Rules related to Data Protection Impact Assessment
The New Law introduces the rules on data protection impact assessment, which enter into force from 1 June 2024. If, considering new technologies, categories, volume, purposes, the risk of undermining fundamental human rights and freedoms is highly likely, the Controller is obliged to assess in advance the impact on data protection. Such assessment entails adoption of the document describing the category, process, purposes of and grounds for Data Processing as well as organizational and technical measures provided for the purpose of data security protection. The data protection impact assessment is mandatory if the Controller makes decisions in a fully automated manner (including on the basis of profiling) or processes special category data of a large number of data subjects or implements systematic and large-scale monitoring of the behavior of data subjects in public gathering places.

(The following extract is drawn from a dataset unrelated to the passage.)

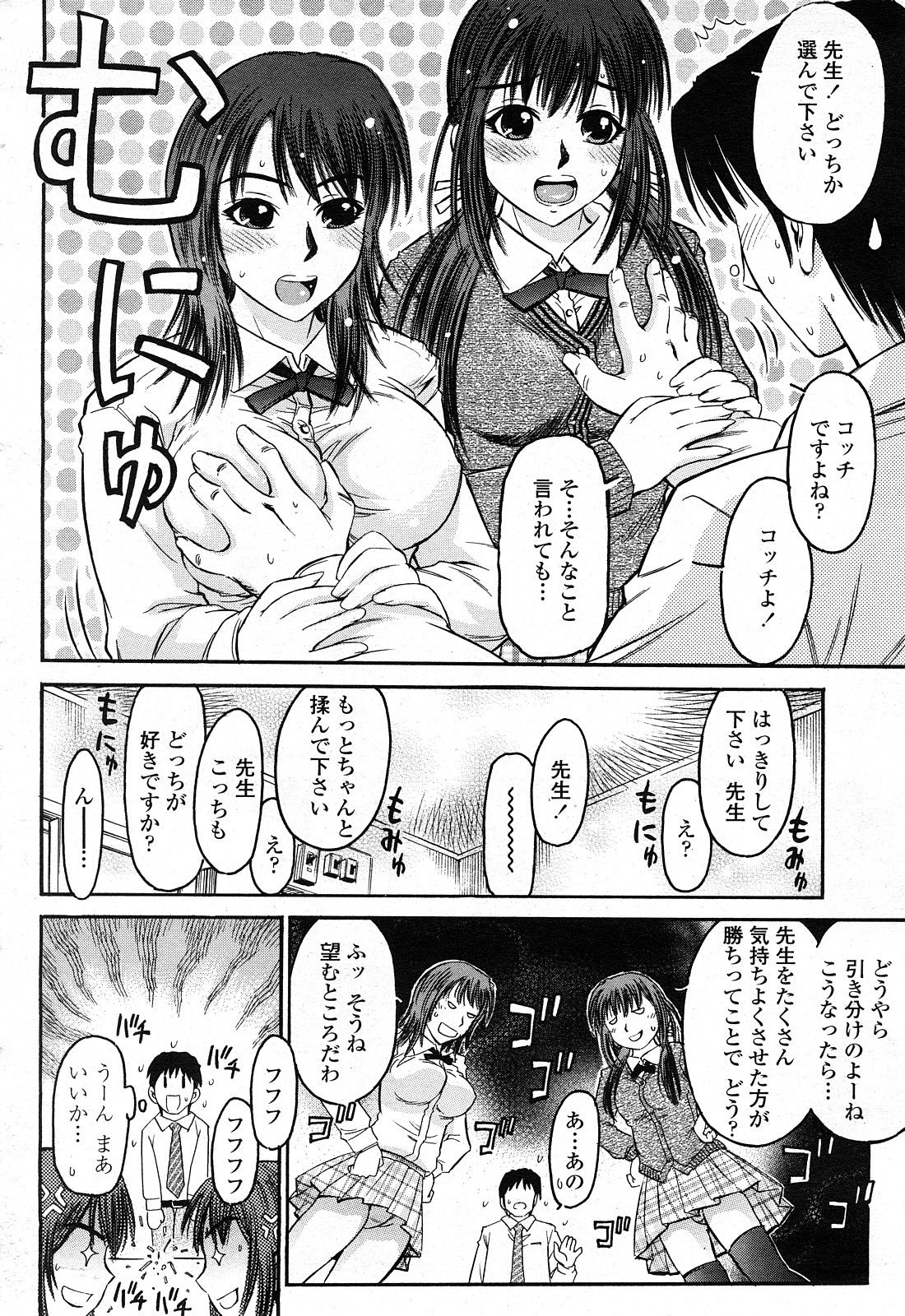 COMIC 桃姫 2008年4月号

Sanctions for Breach of the New PDP Law
The New PDP Law increases the penalties for breach. Depending on the nature of the breach, the organizational form, and the annual turnover of the offender as well as the existence of aggravating and mitigating circumstances, administrative liabilities may vary from warning to penalty in the amount of GEL1,000 (one thousand) to GEL20,000 (twenty thousand), depending on the nature of the breach of the New PDP Law.

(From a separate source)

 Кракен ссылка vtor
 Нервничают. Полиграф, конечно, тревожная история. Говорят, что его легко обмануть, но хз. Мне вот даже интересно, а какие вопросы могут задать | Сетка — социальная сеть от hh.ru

Practical Effect of the New Law
Considering the novelties set out in the New PDP Law, the Processors of personal data should review their internal processes, technical and organizational measures and internal documents to ensure compliance with the New Law. Specifically, each Processor / Controller shall: (i) review its internal policies regarding data protection and consent form for obtaining consent; (ii) update these documents as necessary; (iii) create a register of incidents and procedures for notifying the Service; (iv) determine whether it is under obligation to appoint the Office and appoint such Officer no later than 1 June 2024, if applicable; (v) determine whether it is under obligation to adopt the data protection impact assessment and adopt such document no later than 1 June 2024, if applicable.